# Greedy Algorithms #

Idea:

- Make choices one-at-a-time
- Never look back
- Hope for the best

However: does not work everywhere.

## When to use greedy algorithms? #

Problem should exhibit optimal substructure:

- Optimal solutions to a problem are made up from optimal solutions of subproblems
- Each problem depends on only one subproblem

## Common strategy for proving correctness #

- Make a series of choices
- Suppose we’re on track to make optimal solution T*

- Show that at each step, choices won’t rule out a globally optimal solution
- Suppose that T* disagrees with the next greedy choice

- Manipulate T* in order to make a solution T that’s not worse but agrees with the next greedy choice
- Swap choice
*k*instead of choice*j*

- Swap choice
- After having made all choices, we haven’t ruled out an optimal solution, so the solution we found is optimal

This can be turned into an inductive proof.

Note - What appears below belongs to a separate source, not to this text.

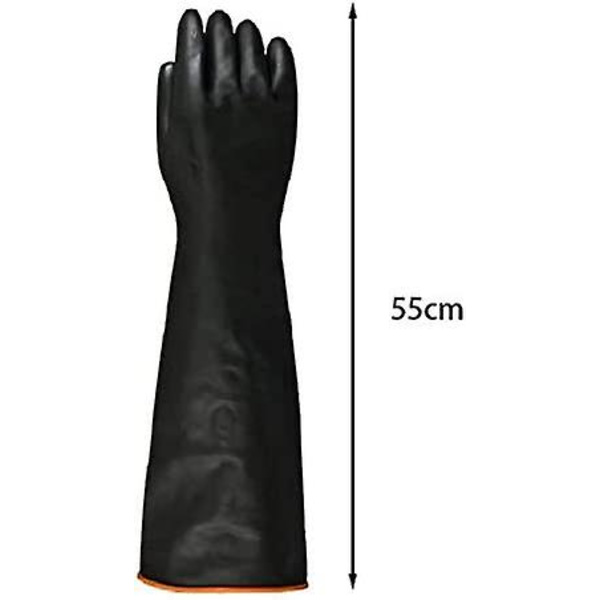 55cm Vattentäta Gummidishandskar Skyddshandskar Kemiska Långa Syra/Alkali Resistenta Latex Hemhandskar För Arbete, Hem, Biltvätt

## Wrong greedy: unbounded knapsack #

Idea: select items with best value/weight ratio

- This works if you can fill the entire knapsack capacity
- However, if there is space left over, then we have a suboptimal solution

## Correct greedy: activity selection #

### Problem statement #

Input:

- Activities a1…an
- Start times s1…sn
- Finish times f1…fn

Output:

- Maximize the number of activities to do in a given day

### Greedy algorithm #

- Pick activity you can add with the smallest finish time
- Repeat

What makes it greedy?

- At each step in the algorithm, make a choice:
- Can increase activity set by one
- Leaving room for future choices
- Do this and hope for the best

- Hope that at the end of the day, this is a globally optimal solution

### Correctness #

- When we make a choice, we don’t rule out an optimal solution (i.e., there exists some optimal solution that contains that choice)
- Suppose we have already chosen ai and there is still an optimal T* that extends our choices
- Now consider the next choice ak
- If ak in T*, we are done
- If ak not in T*:
- Let aj be the activity in T* with smallest finish time after ai
- Consider schedule T swapping aj for ak
- T is still allowed, since ak has smaller ending time than aj, so does not conflict with anything
- T still optimal, since it has the same numer of activities as T*

- The above is the inductive step of the proof of correctness.